Gill v. United States

GODBOLD, Circuit Judge:

This is an appeal from a Federal Tort Claims Act1 judgment for the death of two passengers killed in the crash of a light, private airplane at Easterwood Airport, College Station, Texas. The case was tried without a jury and resulted in a verdict of $842,815 against the United States. Liability was based on findings that the crash was caused by extremely hazardous weather conditions at Easterwood Airport and that the government, through negligent weather reporting by its Federal Aviation Administration facilities, was responsible for placing the plane in a position of peril, which was the proximate cause of the deaths.

The issues on this appeal concern negligence of the government, proximate causation, contributory negligence of the pilot, whether the government was entitled to contribution from the estate of the pilot, and whether the District Court was required to credit against the judgment $120,000 paid to plaintiffs in state court settlements by the estate of the pilot.

We affirm in part and reverse and remand in part.

The factual issues are not simple. Many of the questions before us arise from absence of clear-cut findings and from differences of opinion about what the District Court did and did not find. In turn these spring from the entry of findings of fact in- the form of a generalized narrative statement, rather than by precisely targeted findings not subject to misunderstanding.

The aircraft concerned was piloted by Dr. Charles Bintliff on a flight from Texarkana, Texas to San Antonio. Gill and Barlow were passengers. Dr. Bintliff was licensed to fly only by Visual Flight Rules (VFR) which permitted him to fly only under prescribed conditions.2 He did not have an instrument rating. He filed a VFR flight plan at Texarkana and took off from there at 4:18 p. m. He flew a route generally southwesterly in the direction of Long-view-Waco-Austin-San Antonio. Before getting into difficulty he talked in flight with FAA facilities at Longview, Waco and Austin. After seeking to reach the Austin area, he turned east and, after numerous efforts to find a haven from *1075the bad weather in which he found himself, crashed at College Station at approximately 8:00 p. m.

1. Negligence

The District Court concluded that the government was negligent in furnishing to the plane, by Waco RAPCON (radar approach control), an FAA facility, in-flight weather information which was inexact, incomplete and in all reasonable probability misleading.3

The District Court correctly found that there was a duty of the government to those in the plane. The finding that the government was negligent by breach of that duty is not plainly erroneous, Fed.R.Civ.P. 52(a).

Under the Federal Tort Claims Act the liability of the United States for negligence must be determined in accordance with the law of the state where the asserted negligence occurred. 28 U.S.C. § 1346(b); Richards v. United States, 369 U.S. 1, 82 S.Ct. 585, 7 L.Ed. 2d 492 (1962).
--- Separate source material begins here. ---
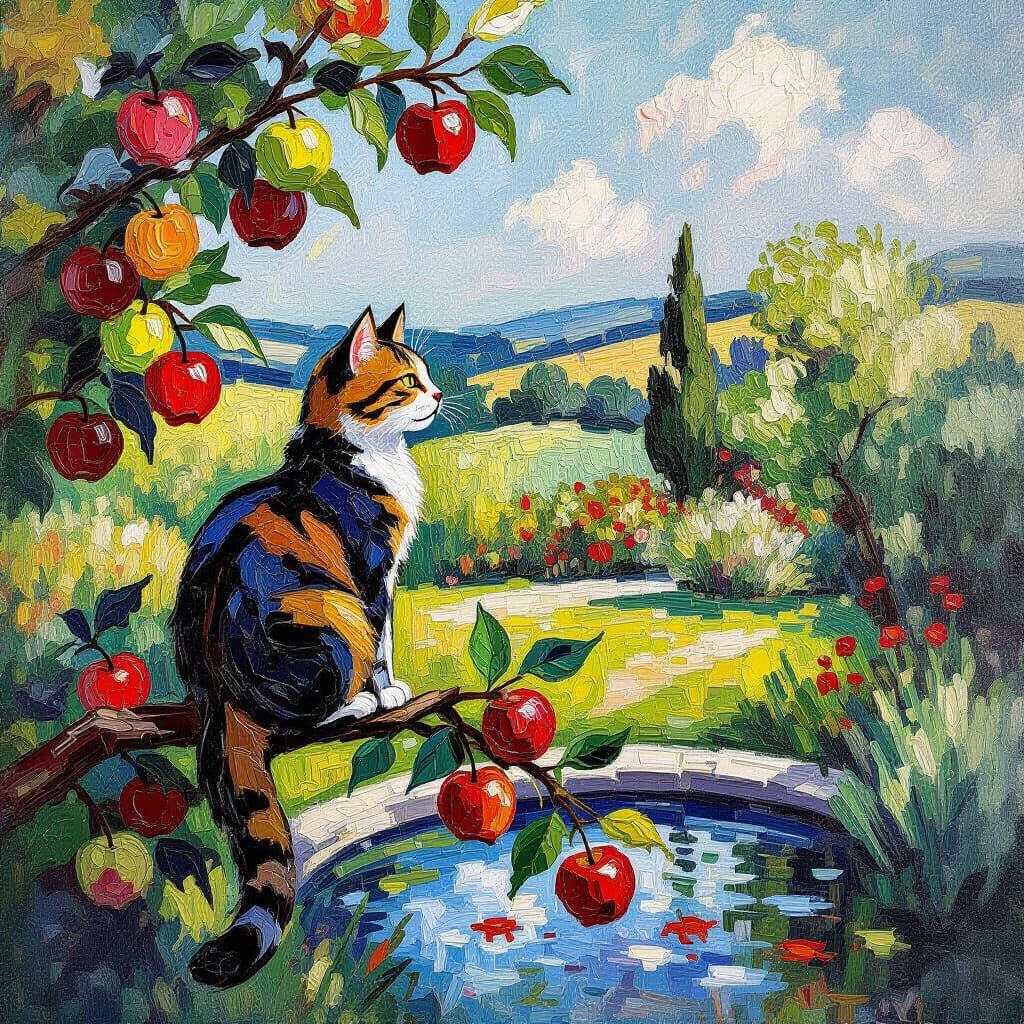 Majestic Cat Overlooking Garden in Impasto Style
While principles of Texas law control, federal regulations may impose duties and standards of conduct upon the actors. United States v. Schultetus, 277 F.2d 322, 326 (5th Cir.), cert. den. 364 U.S. 828, 81 S.Ct. 67, 5 L.Ed.2d 56 (1960) (FAA regulations).

The United States may be liable under the Federal Tort Claims Act for negligent provision of services upon which the public has come to rely. Indian Towing Co. v. United States, 350 U.S. 61, 76 S.Ct. 122, 100 L.Ed. 48 (1955). The government’s duty to provide services with due care to airplane pilots may rest either upon the requirements of procedures manuals spelling out the functions of its air traffic controllers or upon general pilot reliance on the government for a given service, Hartz v. United States, 387 F.2d 870 (5th Cir. 1968). That duty, in appropriate circumstances, requires due care in providing both current weather information, Ingham v. Eastern Air Lines, 373 F.2d 227 (2d Cir. 1967), and weather forecasts, Somlo v. United States, 274 F.Supp. 827 (N.D.Ill.1967).

A Federal Aviation Agency Manual, ATP 7110.1 A, spells out the controllers’ bad-weather function:

§ 352.1 Whenever storm areas such as apparent thunderstorms, rain showers, or squall lines can be discerned on the radar display, information concerning them shall be provided to pilots when considered advisable by the controller. When workload permits, the controller should volunteer vectoring service to assist the pilot to avoid such areas, or provide such service when requested by the pilot.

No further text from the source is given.